Donnafugata Mille e una Notte 2005
In the Italian language, Donnafugata means "fleeing woman". The story goes that in the late 19th century the Queen Maria Carolina after her flight from the court of Naples took refuge in the heart of Belice Valley in Sicily. This event inspired the image of the head of a woman, her hair tossed about by the wind and the Estate name.
Donnafugata grew out of the commitment of a family in Sicily that has always believed in the extraordinary enological potential of its land and has 150 years of experience in producing premium wines. Convinced that it is always necessary to be open to change in order to grow and improve, Giacomo Rallo and his wife, Gabriella, launched a new production project in 1983: Donnafugata. Their adventure took wing from the family’s historic cellars in Marsala and the vineyards at Contessa Entellina in the heart of western Sicily and soared as far as the island of Pantelleria.
Their children, José and Antonio, joined them and the house accelerated its march along the path of Extreme Quality: a project that focused on attention to detail, which clears the way for entrepreneurial decisions that ever more advanced objectives. As for the future, the young Gabriella and Ferdinando are already being "fully immersed" in the family’s activities.
A large, geographically and climatically diverse island, just off the toe of Italy, Sicily has long been recognized for its fortified Marsala wines. But it is also a wonderful source of diverse, high quality red and white wines. Steadily increasing in popularity over the past few decades, Italy’s fourth largest wine-producing region is finally receiving the accolades it deserves and shining in today's global market.
Though most think of the climate here as simply hot and dry, variations on the sun-drenched island range from cool Mediterranean along the coastlines to more extreme in its inland zones. Of particular note are the various microclimates of Europe's largest volcano, Mount Etna, where vineyards grow on drastically steep hillsides and varying aspects to the Ionian Sea. The more noteworthy red and white wines that come from the volcanic soils of Mount Etna include Nerello Mascalese and Nerello Cappuccio (reds) and Carricante (whites). All share a racy streak of minerality and, at their best, bear resemblance to their respective red and white Burgundies.
Nero d’Avola is the most widely planted red variety, and is great either as single varietal bottling or in blends with other indigenous varieites or even with international ones. For example, Nero d'Avola is blended with the lighter and floral, Frappato grape, to create the elegant, Cerasuolo di Vittoria, one of the more traditional and respected wines of the island.
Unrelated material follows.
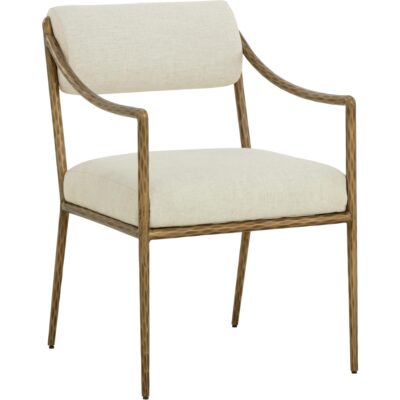 Leticia Dining Armchair - Geralt Linen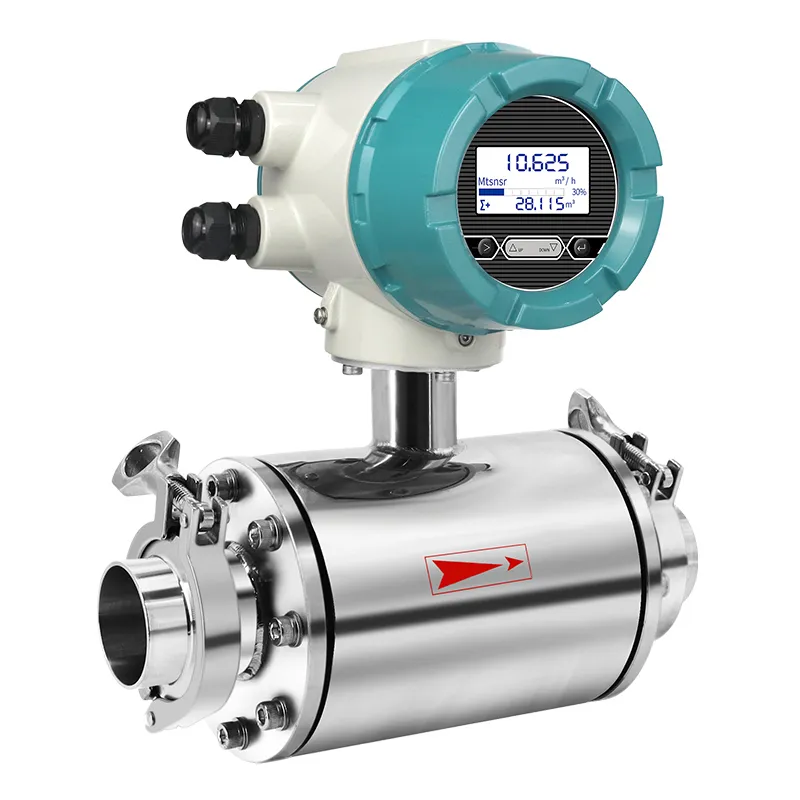 stainless steel electromagnetic flow meter for water flow meter types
Grillo and Inzolia, the grapes of Marsala, are also used to produce aromatic, crisp dry whites. Pantelleria, a subtropical island belonging to the province of Sicily, specializes in Moscato di Pantelleria, made from the variety locally known as Zibibbo.
Opulent with bold fruit and robust tannins, Nero d’Avola is Sicily’s most widely planted red grape, though the variety's other name, Calabrese, suggests origins from the mainland region of Calabria. Popular throughout Sicily and prized for its body, color and deep cherry fruit, Nero d’Avola performs well both as a single varietal bottling and in blends. It loves hot, arid climates and Sicily's old vines are aptly head-trained close to the ground, making them resistant to strong winds. A few pioneering producers in California as well as Australia farm Nero d’Avola in the same way.
In the Glass
A couple of styles of Nero d’Avola are possible. The first is typically a powerful, opulent, dark fruit driven style with notes of coffee or cocoa from aging in wood. A second style offers up a snappier version with red cherry fruit and herbal notes, having seen little to no oak during aging.
Nero d’Avola’s black fruit and spicy flavors are perfect with rich flavors like grilled meat or stews, but can also be a great compliment to burgers, pizza or pasta.
If you love big, bold wines like Napa Cabernet and Châteauneuf-du-Pape but want to stick to a budget, look no further than Nero d’Avola for a worthy substitute. Even the best examples often run under $20.